Furthermore, teacher are constantly reflecting on how to present curriculum within the context of their own belief systems. Stefan’s explanation of his own approach frames some of the complexity involved:

I tend to present a perspective and then turn around and play devil’s advocate in order to fairly and fully illustrate the range of opinion; or be explicit about political perspective and create a safe environment for students to contest that perspective. Neutral is a hard one to pull off, since a perspective is embedded in the evidence we select and the stories we tell. The challenge of approaching politically charged topics with students is one faced by teachers of all political stripes.

The best teacher takes the students along on the inevitable balancing act.

To provide some specifics, Stefan gives a rich overview of labor topics covered in any history or government classroom:

Teaching history, I used to spend a fair amount of time with juniors in discussing the larger goals of the early labor movement (8 hour day, wages, control over one’s labor) alongside the growth of big business (Carnegie, Rockefeller, Eastman). With middle schoolers, the focus was more directly on child labor and work conditions and the powerful narratives found in those struggles. Many of us use the dramatic story and impact of the Triangle Fire to illustrate the immigration, labor,  and social reform struggles of the Progressive Era. Some years I dipped into the more radical politics of the Wobblies, or the Haymarket trial, or the particulars of a specific strike (1877 Railway or Homestead). The labor movement makes an appearance as part of New Deal legislation (Wagner Act) and gets beaten back in the 50’s (Taft-Hartley Act). It shows up briefly supporting Civil Rights efforts. Current events  lessons in Economics and Participation in Government classes can present more of an opportunity to address the specific issues faced by the labor movement today (Scott Walker, minimum wage, service economy, political endorsements).

In a good year, I make use of the wonderful resources for local labor history assembled for the Rochester Labor Council including the excellent documentary segments in Struggle in Smugtown (http://rochesterlabor.org/laborhistory.html). We collected and presented many resources for these topics to teachers as part of RCSD’s Teaching American History grant project in 2011.

Finally, Stefan hones in on the central message. RCSD teachers are actively working collaboratively with not against the District:

I don’t want to generalize, but I think for many social studies teachers, identity as a union member feels distinct from the topics our students study. The irony is that our membership in our union is what enables us to work effectively as educators. Our union membership ensures that teacher voices get included in decisions that directly affect our teaching and our profession. That is the most important aspect of our union membership, and it need not be a partisan one.

I currently direct the Career in Teaching program for the district that provides mentor support to new teachers and other colleagues as part of a Peer Assistance and Review program. This is a union-district collaboration that provides leadership opportunities to teachers, improves classroom instruction, and strengthens the teaching profession. It is a nationally-recognized program that would not exist without the support of the RTA. The highly-politicized media narratives pitting unions against [fill in the blank] obscures the real struggles that we face as educators in this current educational climate.

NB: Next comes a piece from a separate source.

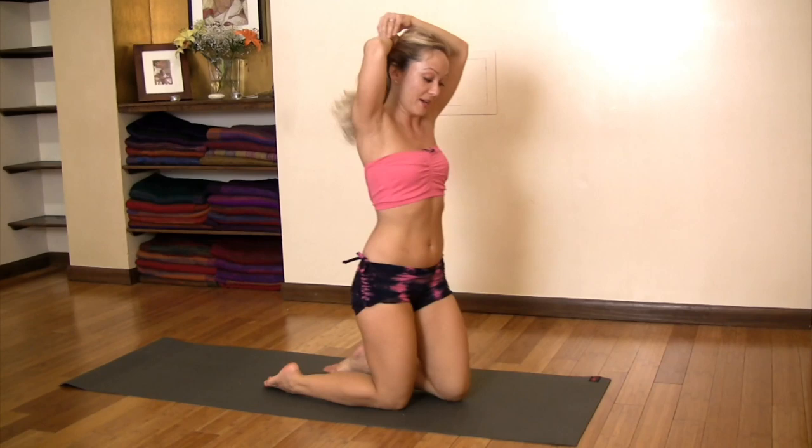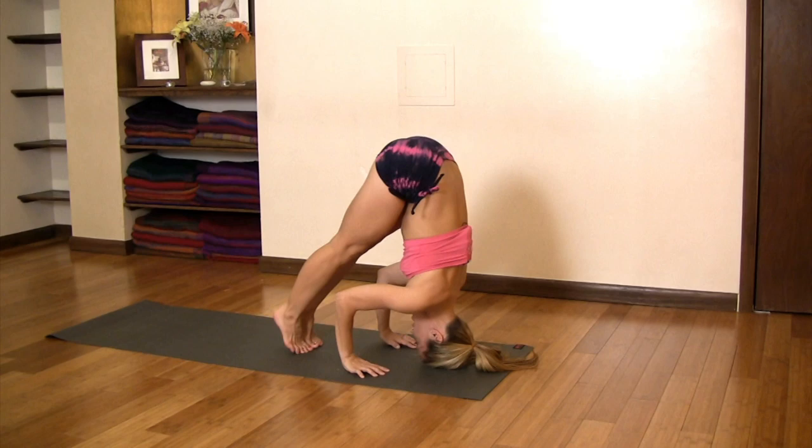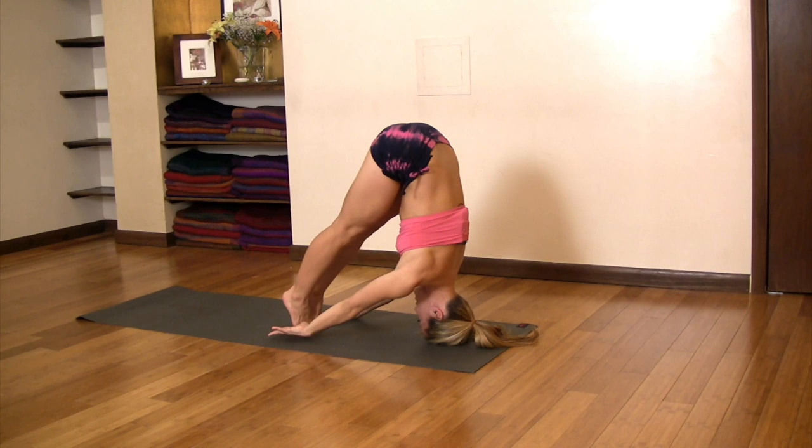In order to do this, we're going to set up as though we were entering tripod headstand. You're going to come onto your hands and knees. Place the top of the head on the ground, then stand your legs up and walk in. Your shoulders remain strong. The shoulder girdle is nice and firm. The key with this is to have strength and articulation of the shoulders.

That media narrative, unfortunately, works as a smokescreen that impedes talking about and tackling real issues.

union 2

Sara and Federica, Nazareth College education students from Italy.

Today’s sultry weather reminds them of their hometown Rome. Wait until winter. Think Rome, NY!

So, you when see teachers at the Parade, you are not  watching Labor (the RTA) marching against Capital/Management (the District). Often teachers (who do not have to join the union but are required to pay dues as their contract is collectively bargained) are the first to critique the RTA.

You are seeing thoughtful people whose primary desire is to serve students responsibly and professionally.